Many ideologies look good and even appealing, on paper. Where they all show their less attractive sides is up-close and in practice and when applied in and to real life. This is neither the fault of the people, of the people who’re trying to implement such ideologies, nor of states or (democratically elected) governments sitting in the way, but because of a somewhat perverted combination of ideological shortcomings and reality’s constraints. Extrapolating my understanding of Popper’s ideas on science and the scientific method to political and socio-economic contexts is that such ideologies should be rejected and replaced with others rather than be tweaked ad nauseam akin trying to squeeze blood out of a stone.

In that light, the Atlas-affiliated intellectual might do better if he were to redirect his intellectual and political efforts (aka propagating propaganda and lobbying) to finding (and funding) novel ways to approach the many wicked problems of modern times, some of which have been around for longer than the Mont Pelerin Society, and are, arguably, well overdue for some grunt and firepower. In a democracy that enjoys many hard-fought freedoms one would hope to have genuine robust public debate in good faith about fresh new approaches without baggage filled with ideological hangups and foolheartedly clinging on to and defending quasi-sacred concepts without (over-)due re-examination.

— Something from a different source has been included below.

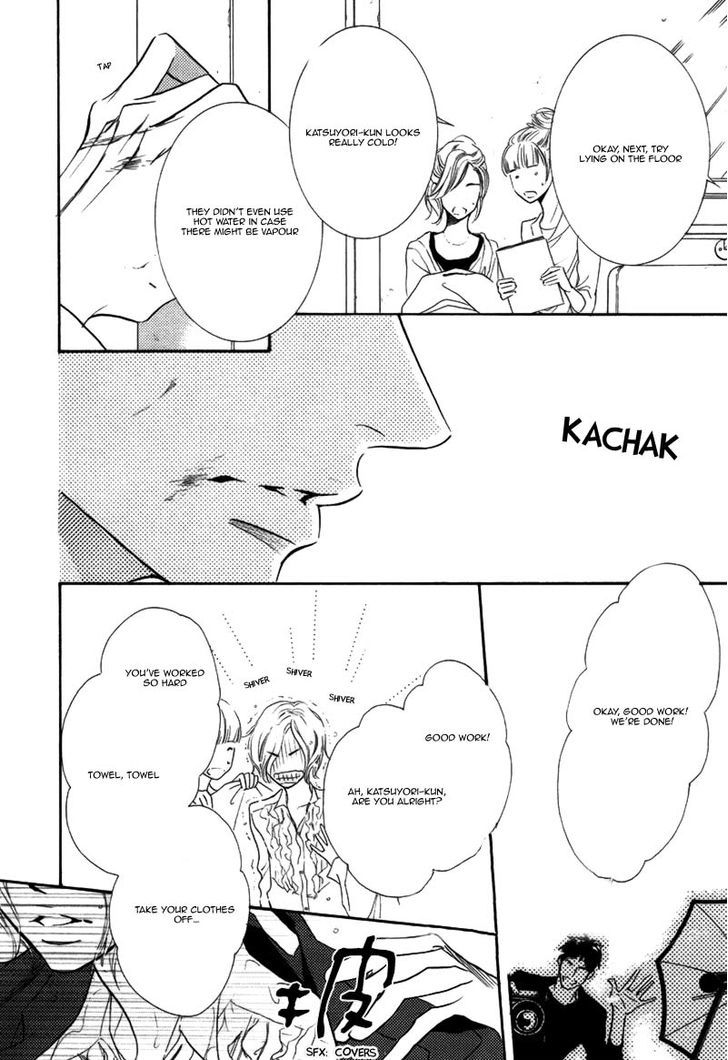 Koigokoro wa Neko o mo Nurasu Chapter 3 page 20 - Chapter 3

The latter refers to the call of the book reviewer (and presumable also of the book’s author) to include, defend, and strengthen/improve ‘liberal institutions’ by which he means, presumably, his own think-tank, the book’s author’s think-tank, the Mont Pelerin Society, and the very many other right-wing think-tanks that form an integral part of the global Atlas Network that has now firmly rooted itself in NZ politics and the coalition government. My dream is if the election campaign this year were to be a part of such honest public debate and I’ll watch with interest what part the NZ Atlas associates choose to play.